On this, the most partisan day of the year, here's an idea we can all get behind.
A few years ago, Joe D'Entremont saw an empty seat at a racetrack in Bristol, Tenn. It was left empty on purpose, a symbolic way to remember the 92,000 American service members who since World War I went missing in action or were prisoners of war who didn't make it home.
D'Entremont — president of the Massachusetts chapter of Rolling Thunder, a group dedicated to making the government accountable for POWs and MIAs, looked at the empty seat in Tennessee and said, "Why not here?"
But you have to walk before you can run. D'Entremont noticed that the color guard that marched onto the field at Gillette Stadium during Patriots games didn't include a POW/MIA flag. So he called up the Patriots and offered them a flag, and they readily agreed. That flag is out there at every game now. The Red Sox started flying a POW/MIA flag at Fenway Park. It took a little longer to get one up at TD Garden, where the Bruins and Celtics play, but eventually goodwill prevailed. If you look around, there are POW/MIA flags at a lot of public events now. Thank you, Rolling Thunder.
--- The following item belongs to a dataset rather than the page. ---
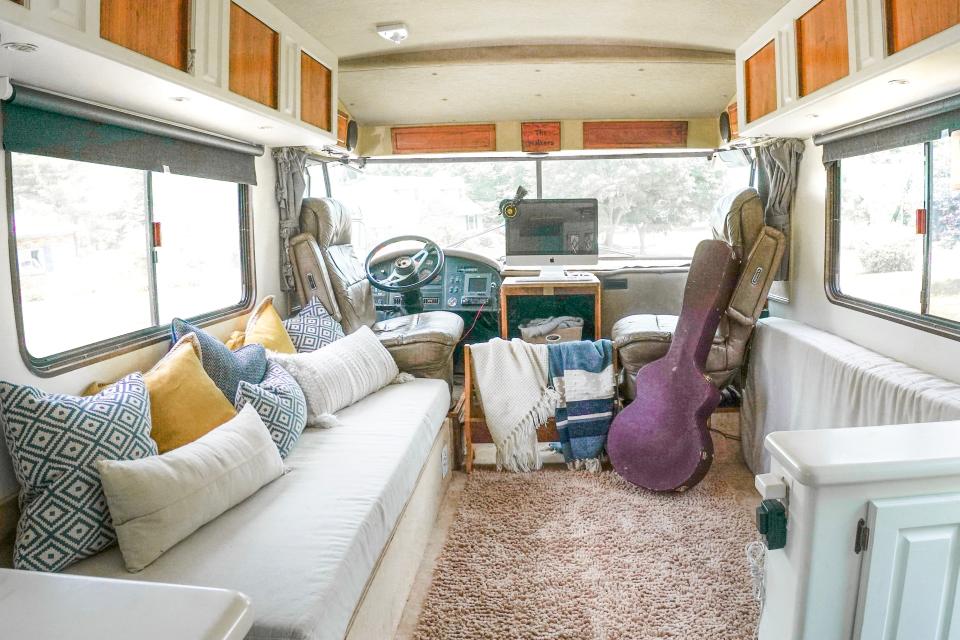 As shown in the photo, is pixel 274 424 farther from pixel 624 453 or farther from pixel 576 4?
pixel 576 4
Still, D'Entremont kept thinking about that empty seat in Tennessee, so he went back to the sports teams and asked them to give up a seat.
The Lowell Spinners, the minor league baseball team, were the first to sign on. In June, they dedicated a single black chair in Section 104 of LeLacheur Park that will remain empty forever.
D'Entremont was grateful, but he went looking for a bigger venue. On Friday, the Patriots will unveil a seat that will be kept empty at Gillette on Sunday, Veterans Day, and every day after that.
There's more. D'Entremont's buddy, Dennis Moschella, president of Veterans Assisting Veterans, got talking last summer to John MacDonald, the vice president of corporate strategy for Lupoli Cos., about the idea of putting up POW/MIA tables in restaurants. MacDonald is an Air Force veteran, and he turned to his boss, Sal Lupoli, and in no time at all, Lupoli said, "Let's do it."
"Joe D'Entremont told us he's had trouble persuading restaurants to do this," MacDonald said. "Sal jumped in with both feet."
A couple of weeks ago, they unveiled a table with an empty seat at Salvatore's, Lupoli's restaurant in Lawrence, and 300 people showed up. Lupoli wants to leave an empty seat in each of his five restaurants and his 40 pizza shops. Eventually it will get done. And if you don't think it will happen in all those locations, you don't know Sal Lupoli.
D'Entremont is hoping for momentum. What the Patriots are doing this week sets an example for the Red Sox and the people who run the Garden. Sal Lupoli has set the bar for restaurants.
D'Entremont is a Jamaica Plain guy, and when he went to his local, the venerable Doyle's Cafe, Gerry Burke Jr. agreed to keep a empty table throughout the Veterans Day weekend.
What if every bar in Boston, in Massachusetts, in New England left an empty seat or table?
From that empty seat at the racetrack in Tennessee, Joe D'Entremont is trying to think beyond stadiums and restaurants and bars.
He's thinking all sorts of public places, places where people go and people talk, where parents talk to their kids. Parks. Schools. Beaches.
"Think about the conversations," D'Entremont said. "I'd bet that most Americans wouldn't have any idea that 92,000 service members were POWs or MIAs who never made it home from the wars of the last century. Think about parents talking to their kids about the empty seat. Guys were left behind. They can't speak for themselves, so we have to speak for them."